The influence of these last two factors cannot be overstated. For example, if we repeat the above exercise, but use only data from when the score was tied at even strength, the actual results are essentially indistinguishable from the simulated results.

Therefore, the fact that there exists a strong relationship between the percentages and even strength goal differential over the course of a single regular season does not in any way negate the utility of Fenwick, Corsi or even strength shot differential as a measure of a team's ability level. Results at the NHL level are strongly subject to the influence of random variation, even over what might seem like a long period of time (i.e. a single NHL season). Losing sight of this fact - or ignoring it to begin with - can only lead to misguided analysis and flawed conclusions.
.
.

RyanV said...

I think another major criticism of his work is that he basically just showed that past shooting percentage is a good predictor of past goals for. Which shouldn't surprise anyone. What we want to find out, though, is whether past shooting percentage is a good predictor of future goals for. You can do that by looking at shooting percentage in the first half of a season and goals for in the second half, or even games versus odd games, or randomly split the games up however you like.

Vic's done all this, of course, and found that corsi/fenwick/shot differential are all much better predictors of future success than shooting percentage.

JLikens said...

Yeah, that's another angle that could be taken.

IIRC, the predictive validity of 1st half Fenwick differential in relation to EV goal differential over the remainder of the schedule is on the order of 0.3 - 0.4.

That may not seem like much, but it has to be considered in context. PDO over the 1st half of the schedule has very little repeat to the 2nd half , and its predictive validity is essentially nil.

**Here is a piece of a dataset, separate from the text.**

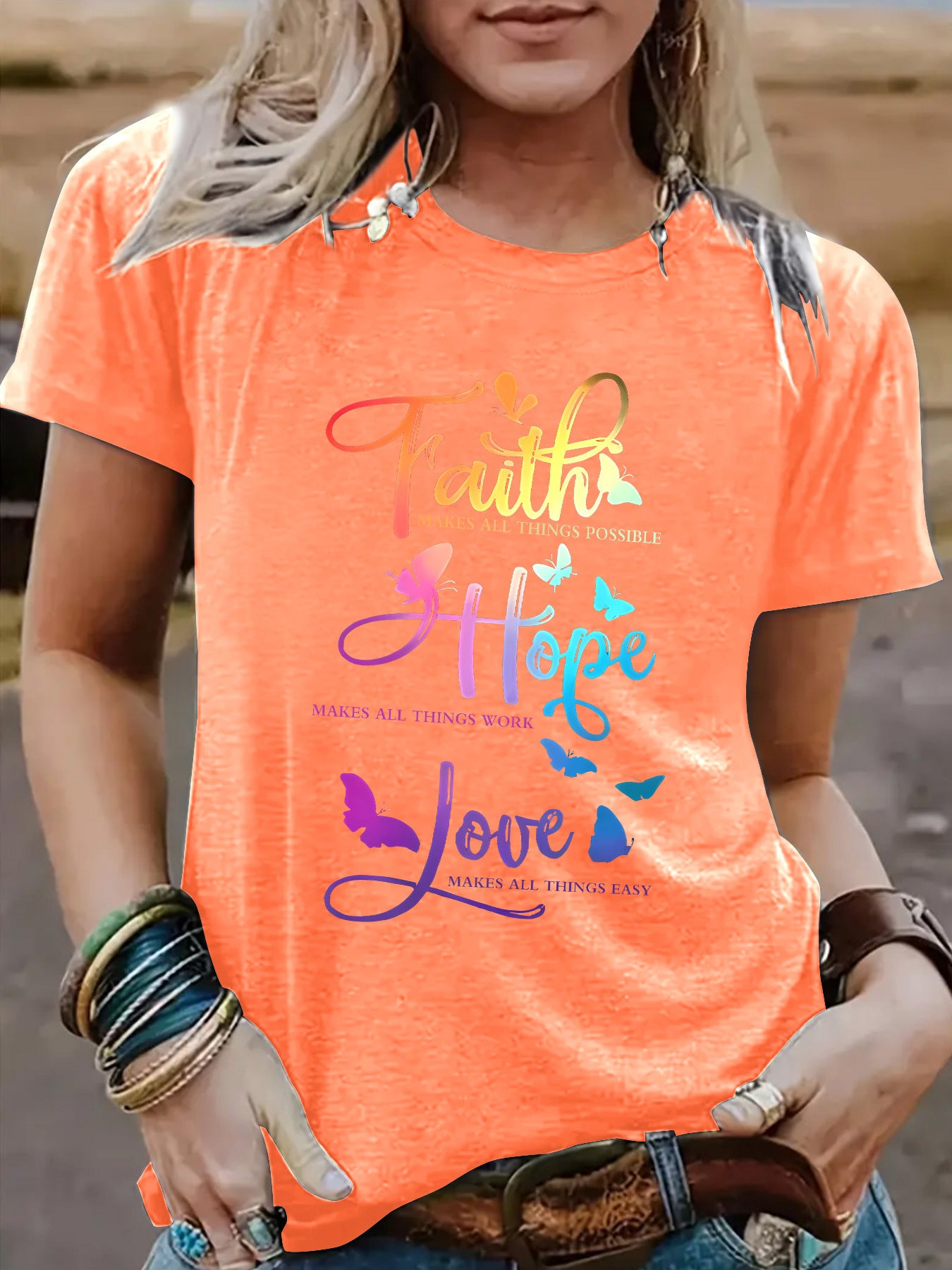 Faith Hope Love Round Neck Loose Short Sleeve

Well done. I'm actually surprised you bothered to put up
a refutation of this; as Ryan points out, doing the in-sample
correlation is a major flaw and discredits pretty much anything
else.

One danger of measuring only ES score-close is that it
reduces the sample size, which reduces the predictive value of
percentages but not of Fenwick. Percentages are more important
than ES-close analysis implies, but your findings hold
regardless.

JLikens said...

Thanks Tom.

I decided to post this in order to illustrate that a simple r^2 analysis, without more, can often lead to the wrong conclusions.

In terms of your other point, I assume you're referring to the second part of my post, where I used EV-tied data (the first part of the analysis used all even strength data, regardless of game score).

I agree that sample size can be a relevant consideration when using only data with the score tied.

For example, in conducting a coin-flipping experiment to determine the percentage of variance attributable to luck, one will invariably find that the percentage increases as the sample size decreases. So comparing the % of variance attributable to luck with respect to EV SH% over the course of a single season with the % of variance attributable to luck in relation to EV SH% with the score tied over the same period of time is, to some extent, comparing apples to oranges - the latter figure will be lower than the former, but part of that is the result of the reduced sample size.

I'm not sure if that concern arises here, however, due to the nature of the simulation conducted (i.e. comparing the observed correlation to the actual correlation).

If I had to guess, I would say that EV outshooting truly is more important ( in terms of the extent to which it is indicative of team talent) when the score is tied, and that its elevated importance reflects a qualitative difference between the way that teams play with the score tied and the way that they play otherwise.

he did a lot of research to make that kind of post. there are many variables to account for.